Uno se sienta frente a un libro, lo abre y, sin darse cuenta, ya se ha embarcado en un largo viaje… Sí, eso es fácil de decir y para casi todos es evidente. Todos leen (no vaya a creer, hasta usted y yo).Aquí, allá, en el bus, en la casa… incluso en las bibliotecas.
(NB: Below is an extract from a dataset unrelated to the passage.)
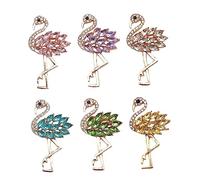 DIYEAH 6 Pièces Flamingo Diy Accessories Set For Clothes And Phone Case Decoration Crafting Materials For Fashion And Repairs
Por supuesto, no niegue que sus velas surcan aguas de 140 caracteres o que, a cada rato, usted comparte enlaces con frases maravillosas.
No se deje engañar por esos puristas que solo gustan de páginas amarillas, olorosas, con letras minuciosas y casi incomprensibles, por los que hablan todo el día de ese libro con el que el profesor de filosofía alardeaba en el colegio; no caiga en la manía anti-pos-moderna-intelectual que huye de las palabras largas con guiones por doquier.
Es mejor resguardarse en esa imagen con un aforismo entretenido, de origen in-rastreable, de un autor des-conocido, que usted encontró en el ‘care-libro’. De todas formas, con eso es suficiente para poder andar de café en café con pinta bohemia y un cuadernito de pasta dura, escribiendo poemas con palabras caprichosas y escuchando tangos de algúnlugardelapatagonia.
¿Sabe qué? Evitemos los escándalos concienzudos de los finos lectores, y mejor volvamos a empezar: uno se sienta frente a un libro, lo abre y, sin darse cuenta, ya se ha quedado dormido. Confiese ante Deus, Pater Omnipotens: ¿hace cuánto no va a la biblioteca a leer (cuenta la leyenda que en las bibliotecas…), ¿cuándo fue la última vez que la vibración en sus manos fue producida por un poema y no por su celular?